Opties zijn onder andere een stevige wandeling, joggen, jumping jacks,
touwtjespringen en hardlopen op de plaats.
REKKEN EN STREKKEN
Het is belangrijk om te rekken en strekken wanneer uw spieren warm zijn.
Dus: na een goede warming-up en opnieuw na uw kracht- of cardiotraining.
Dit verhoogt de temperatuur van de spieren en zorgt ervoor dat u ze
makkelijker kunt rekken en strekken. Hierdoor wordt de kans op blessures
aanzienlijk verminderd. Rek en strek uw spieren telkens 15 tot 30 seconden.
OVERDRIJF NIET, BOUW HET PROGRAMMA RUSTIG OP.
Raadpleeg altijd eerst uw huisarts voordat u aan een
trainingsprogramma begint.
AFKOELFASE (COOLING-DOWN)
Het doel van een cooling-down is om het lichaam aan het einde van
een trainingssessie terug te brengen naar de normale of bijna normale
rusttoestand. Een goede cooling-down zorgt ervoor dat uw hartslag
langzaam omlaag gaat en bloed terugkeert naar het hart.
TRAINEN EN HET APPARAAT VERPLAATSEN
START
a. Ga naast het apparaat staan, plaats het dichtstbijzijnde pedaal in de
laagste stand en houd het vaste handvat stevig vast.
b. Probeer uw volledige gewicht op één voet te laten rusten en plaats
tegelijkertijd uw andere voet op het pedaal aan de andere kant van
het apparaat.
c. U bent nu klaar om met uw training te beginnen.
TRAINING:
a. Houd uw handen in de gewenste positie op het vaste handvat.
b. Oefen door met uw voeten te trappen en uw lichaamsgewicht te
balanceren tussen het linker en rechter pedaal.
c.

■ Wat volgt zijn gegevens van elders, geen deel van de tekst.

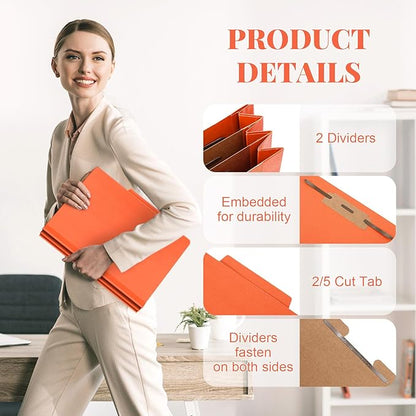 Skyygemm 36 Pcs Classification Folders Letter Size, 2 Divider Pressboard File - Image 3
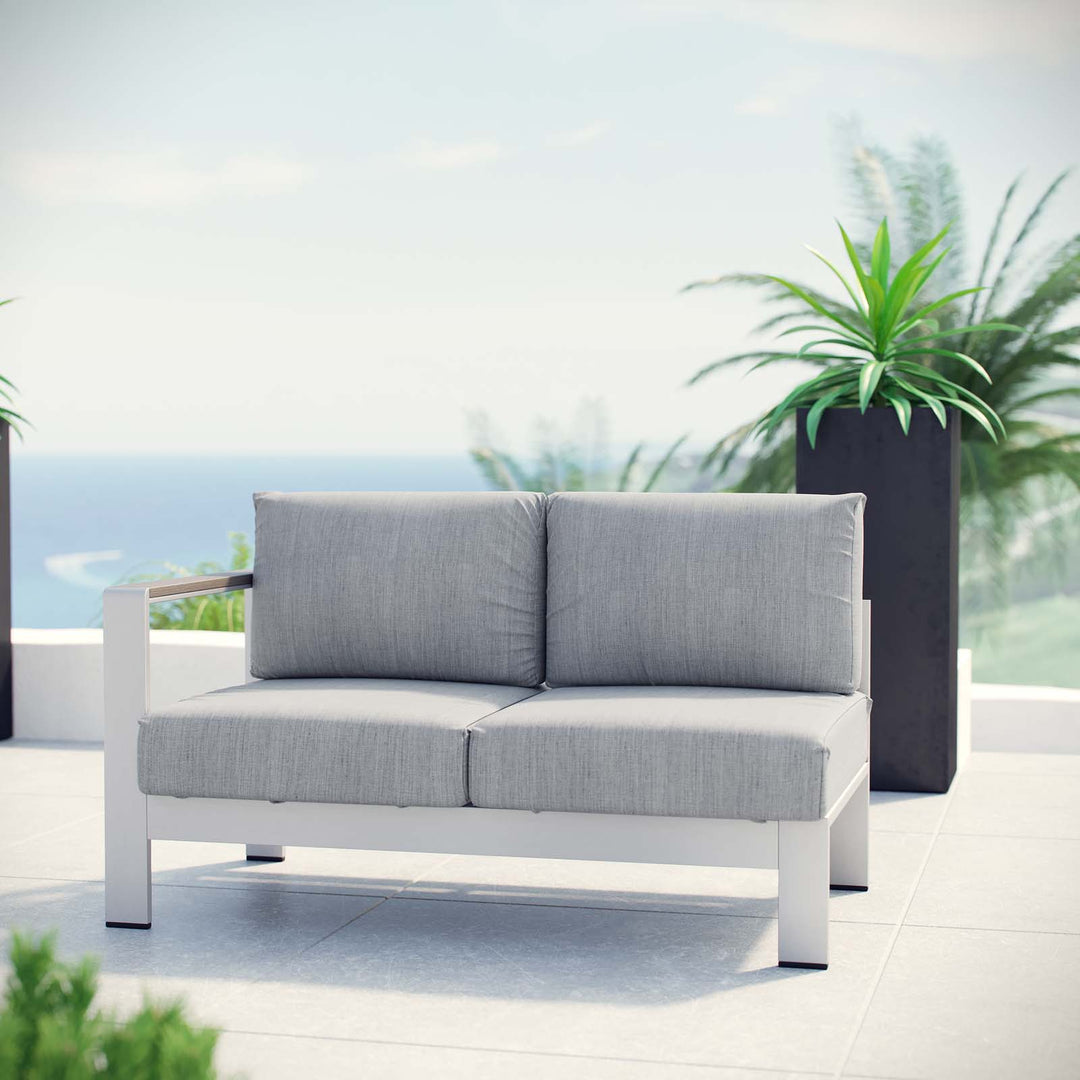 Sea Line-Angle Chaise Sectional Garden Lounge Aluminum Loveseat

Als u ook uw bovenlichaam wilt inspannen, verplaats uw handen dan
van het vaste handvat naar de handrails.
d. Vervolgens kunt u geleidelijk de trapsnelheid verhogen en het
weerstandsniveau aanpassen om de intensiteit van de oefening
te verhogen.
e. Houd uw handen altijd aan het vaste handvat of aan de handrails links
en rechts.
f. Weerstandsregelaar:
Om de weerstand te verhogen, draait u de knop voor het regelen
van de weerstand rechtsom.
Om de weerstand te verlagen, draait u de knop voor het regelen
van de weerstand linksom.
AFSTAPPEN
a. Verlaag de trapsnelheid tot u tot stilstand komt.
b. Houd uw handen stevig op het vaste handvat, verplaats één voet naar de
andere kant van het apparaat en stap op de grond. Stap daarna ook met
de andere voet op de grond.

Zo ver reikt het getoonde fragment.